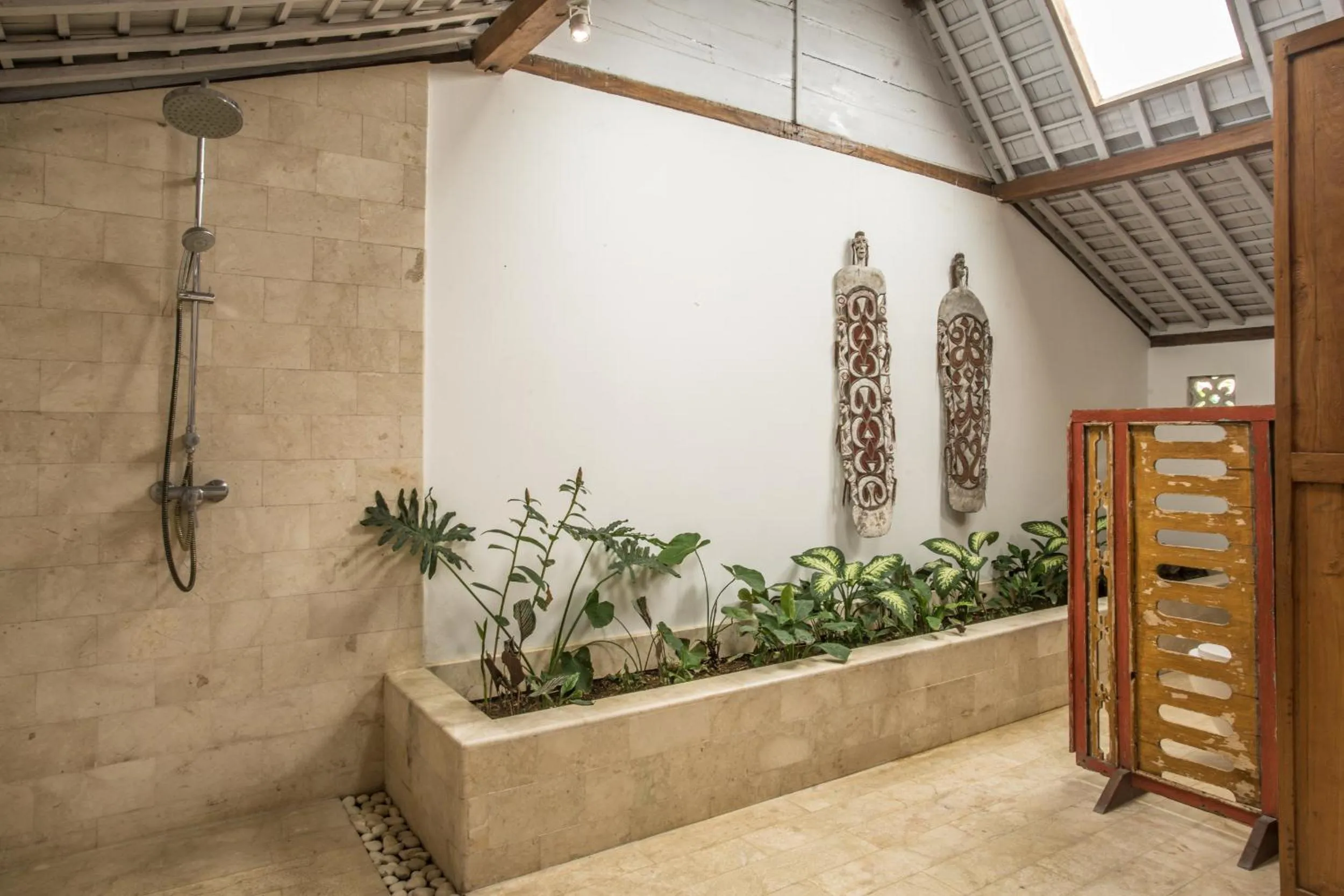 Shower in Wayang Retreat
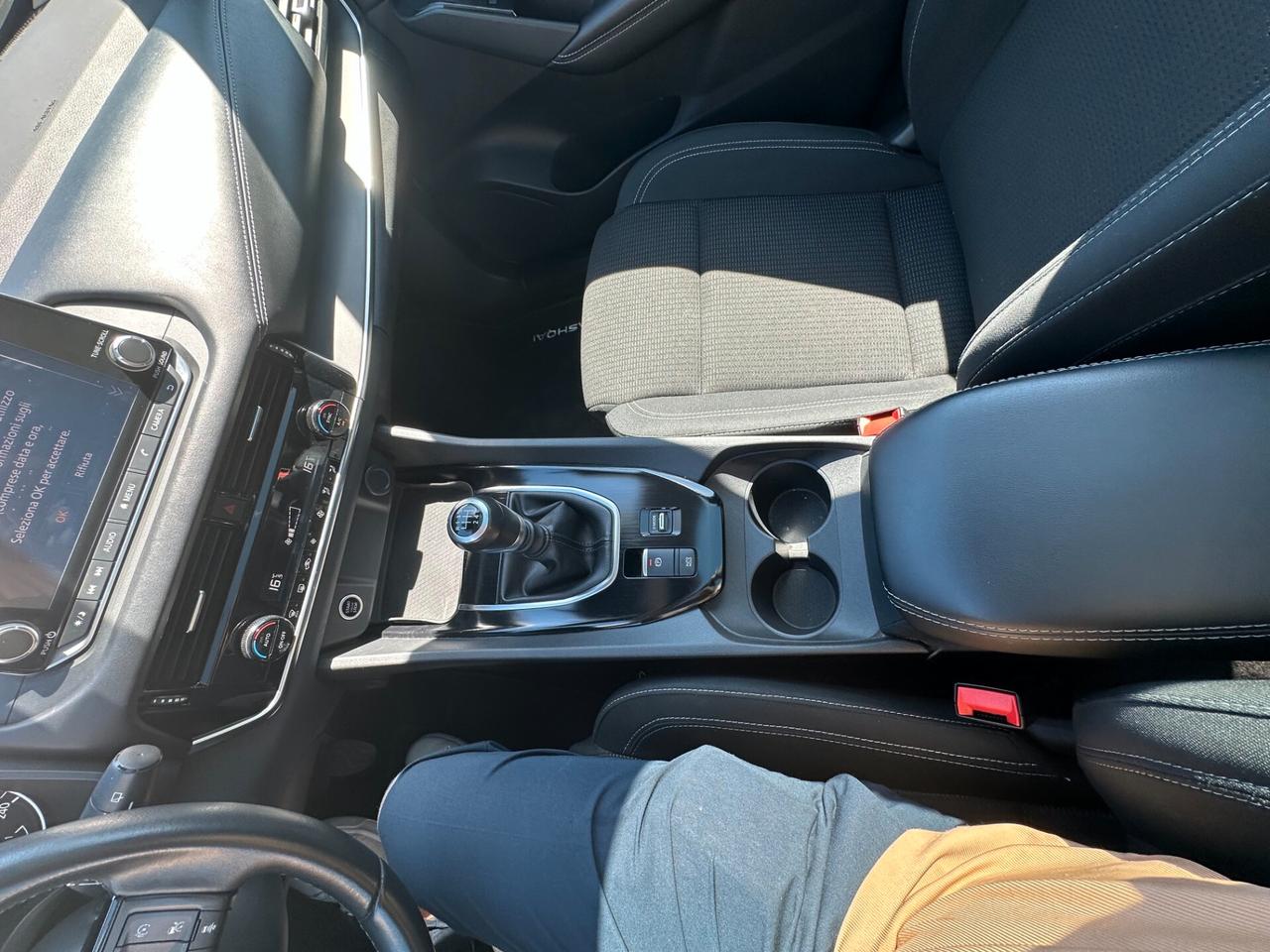 Nissan Qashqai MHEV 140 CV N-Connecta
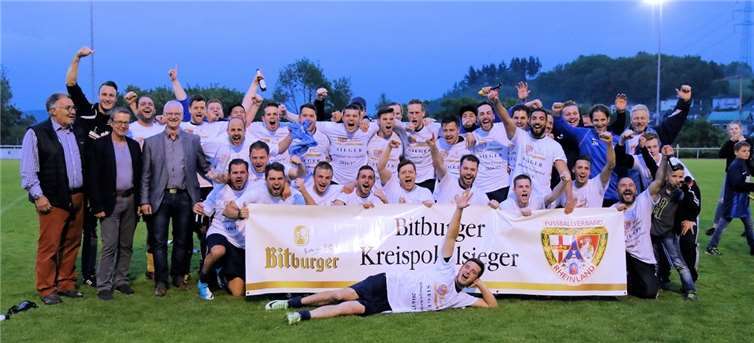 Feierstimmung beim VfL Kesselheim, der sich den Kreispokal der Saison 2016/17 sichern konnte.TH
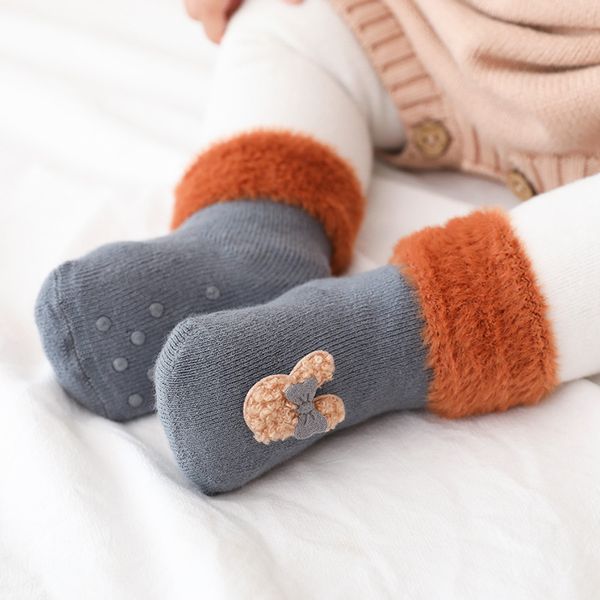 autumn and winter terry thick non-slip baby room socks mink velvet cartoon accessories tube newborn baby socks, Pink;yellow
autumn and winter terry thick non-slip baby room socks mink velvet cartoon accessories tube newborn baby socks, Pink;yellow
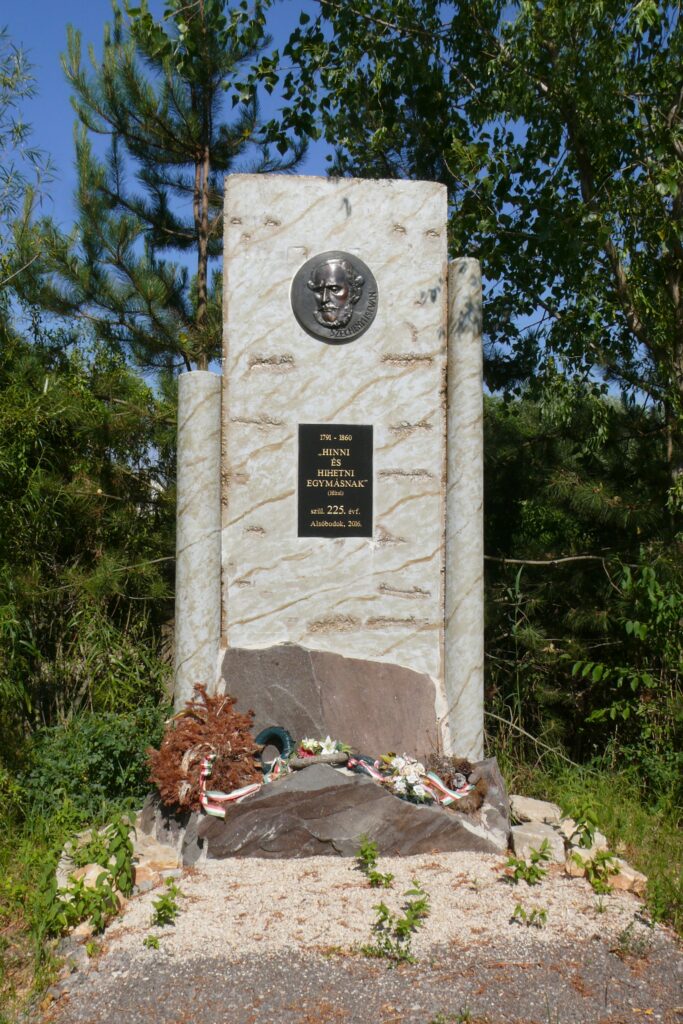 alsobodok-hiressegek-es-jelentos-esemenyek-terjelei-az-emlekparkban-3a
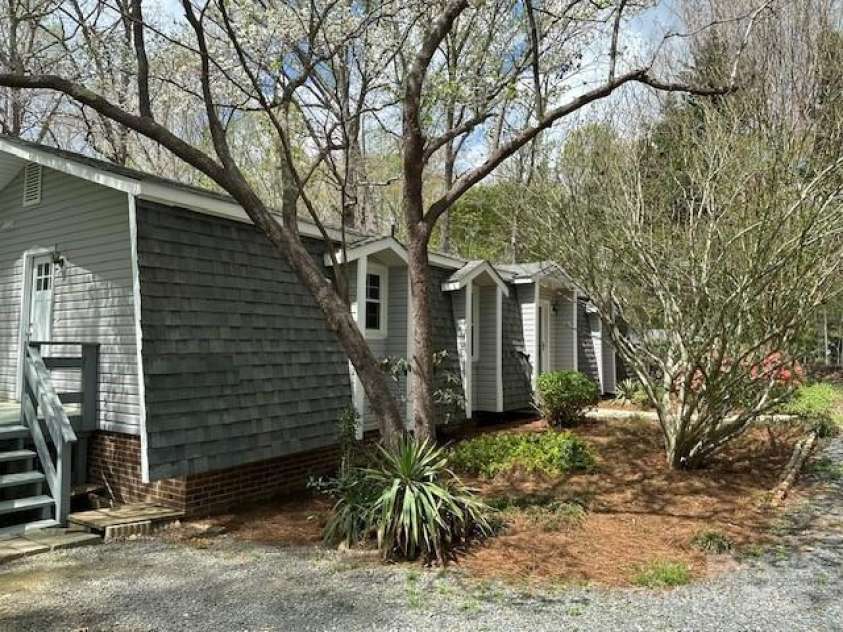 1668 Gopher Woods Road, Asheboro, NC 27205.  MLS# CAR4238511, YatesRealty ID 9872.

^^^^^^^^

### WHAT TO DO:
Would you reproduce each line of the material exactly, omitting the images?

### RESULT BELOW:
 Shower in Wayang Retreat
 Nissan Qashqai MHEV 140 CV N-Connecta
 Feierstimmung beim VfL Kesselheim, der sich den Kreispokal der Saison 2016/17 sichern konnte.TH
 autumn and winter terry thick non-slip baby room socks mink velvet cartoon accessories tube newborn baby socks, Pink;yellow
autumn and winter terry thick non-slip baby room socks mink velvet cartoon accessories tube newborn baby socks, Pink;yellow
 alsobodok-hiressegek-es-jelentos-esemenyek-terjelei-az-emlekparkban-3a
 1668 Gopher Woods Road, Asheboro, NC 27205.  MLS# CAR4238511, YatesRealty ID 9872.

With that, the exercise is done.